Recently, pornographic livestream applications have exploited vulnerabilities in social media platforms like TikTok to spread information and reach users. These platforms constantly entice users to download their apps to participate in gambling, betting, and watch 18+ content.
Pornographic livestream and gambling applications often request numerous permissions to access users’ personal data (Photo: The Anh).
Furthermore, these are all illicit and unlicensed applications. Upon installation, they request a range of access permissions to sensitive data on your phone, such as images, videos, and the camera.
Speaking with Dân trí reporters, Mr. Dao Hoang Anh, a cybersecurity expert at SCS Cyber Security Joint Stock Company, stated that when an application requests access to the photo library, contacts, camera, and microphone, the biggest risk for users is a potential invasion of privacy.
“When users grant access, malicious actors can collect and steal personal information such as images, videos, audio, or even access banking applications to steal money or execute unauthorized transactions,” Mr. Hoang Anh explained.

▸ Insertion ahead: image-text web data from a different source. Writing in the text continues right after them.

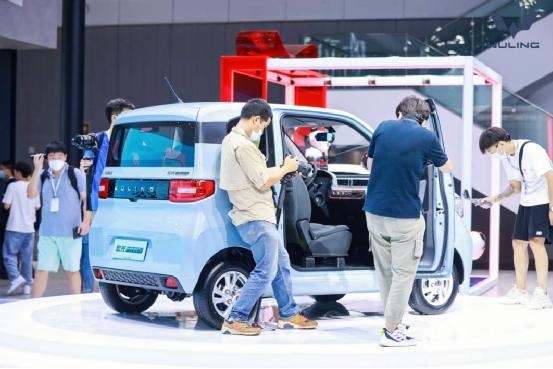 年轻人的代步车，月薪4000买得起，1公里成本低至5分钱，2.88w起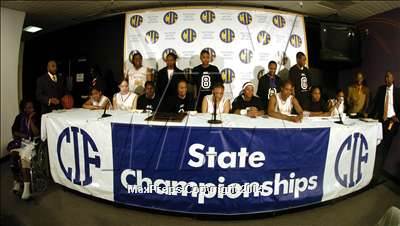 Thumbnail 3 in Canyon Springs vs. Oakland Tech (State D1 Final)#3 photogallery.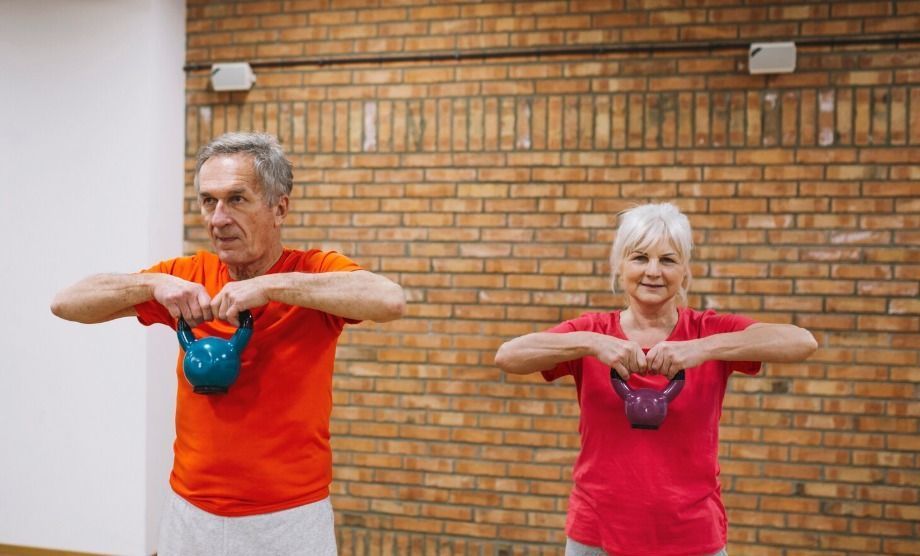 Após os 60 anos, veja 4 exercícios de poucos minutos que ajudam a preservar a massa muscular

Specifically, malicious actors can collect images, videos, audio, and personal information, then covertly send it to their servers for distribution. This data is typically uploaded via a hidden network connection in the background, unbeknownst to the user.
Harmful applications can silently collect and copy data for blackmail, fraudulent activities, or to disseminate victims’ sensitive information.
Additionally, illicit applications are fully capable of intercepting SMS messages and OTP codes if users inadvertently grant access or install apps from untrustworthy sources.
Experts advise users never to install illicit applications to avoid security risks (Photo: The Anh).
On Android phones, this risk is higher because the system allows installing applications from unofficial stores. In contrast, the iOS operating system has stricter control mechanisms, making such incidents less common, unless the device has been jailbroken or has security vulnerabilities.
“When malicious actors gain the ability to read OTPs, they can exploit this to log into bank accounts, change passwords, perform withdrawal transactions, or hijack e-wallets. The danger is extremely serious because OTPs are the final critical authentication layer protecting users.
To prevent this, users should absolutely avoid installing unfamiliar applications, not grant SMS reading permissions to unnecessary apps, and regularly update their operating systems to mitigate risks,” Mr. Hoang Anh recommended.